Jay and Angie took over managing the Manitoba ranch in 2001 and have since purchased it. Currently, they run 400 Angus and Hereford commercial cows on a land base of 12,000 acres all in one block, which they figure will support three times as many cows once they have their rotational grazing system and fencing in place.
The couple was selected as Manitoba’s 2008 Outstanding Young Farmer. Most recently, they were part of the “doing the right things right” producer panel at the Manitoba Grazing School. Their method of operation has been to run their ranch with as little additional help as possible, Angie explains. This is part of the broader goal to manage expenses in a way that will allow them to improve and expand their operation without financial burden.
They review actual expenses
monthly and adjust their projections and budget accordingly. The annual routine involves going through the financials of the previous year, discussing their future goals, prioritizing their expansion plans and evaluating their quality of life.
Fortunately, they both really do love working the numbers — especially calculating rations.

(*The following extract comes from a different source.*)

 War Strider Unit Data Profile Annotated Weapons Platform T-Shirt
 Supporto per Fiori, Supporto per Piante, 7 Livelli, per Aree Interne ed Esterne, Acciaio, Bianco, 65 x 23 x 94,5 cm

Jay rates the calculator on his cell phone right up there with the best inventions of all time.
“You have to know the numbers to bounce back if something doesn’t work or to know if it’s working in the first place — then you have to understand why it is working and continue to work to improve it,” he says. “You’ll save a lot by knowing numbers, for example, just knowing the weight of your animals can make a huge difference. From that, you can calculate the amount of feed you will need to get through the winter, or the summer.”
The rotational grazing system is in the beginning stages. Due to the scope and cost of the project, they want to make sure they get it right the first time so they’re not fencing, then having to re-fence. Grazing mentor Hugh Blair and Manitoba Agriculture farm production advisor Larry Fischer have been instrumental in helping them to get started on the right foot. Their ultimate goal is to graze the entire 12,000 acres and purchase whatever hay they require.
Selecting hardy, high-performance bulls with femininity and strong maternal traits has been a priority during the expansion phase. They have been carrying over as many of their own females as possible to build the herd with the type of hardy, productive females that have proven themselves on their ranch. Angus bulls go with the Hereford cows and vice-versa to produce black baldy calves that wean off in the five-to six-weight range. Calving gets underway the first week of April and weaning begins in late November.
They have two large calving paddocks with handling facilities built into the centre fence line. It has worked well, but ties them to calving on the same ground every year and the area will get crowded as the herd expands. Knowing from first-hand experience that the more space the better for the health of the calves, they recently purchased a quarter section of bush land across the road from the home quarter. The plan is to clear it in strips, leaving enough bush for shelter, but not so much that they won’t be able to see the cows. They’d use the new calving grounds for the mature herd and the original calving paddocks for the heifers. The calving area is left to rest for a full year so that there is a good growth of stockpiled forage to start each calving season.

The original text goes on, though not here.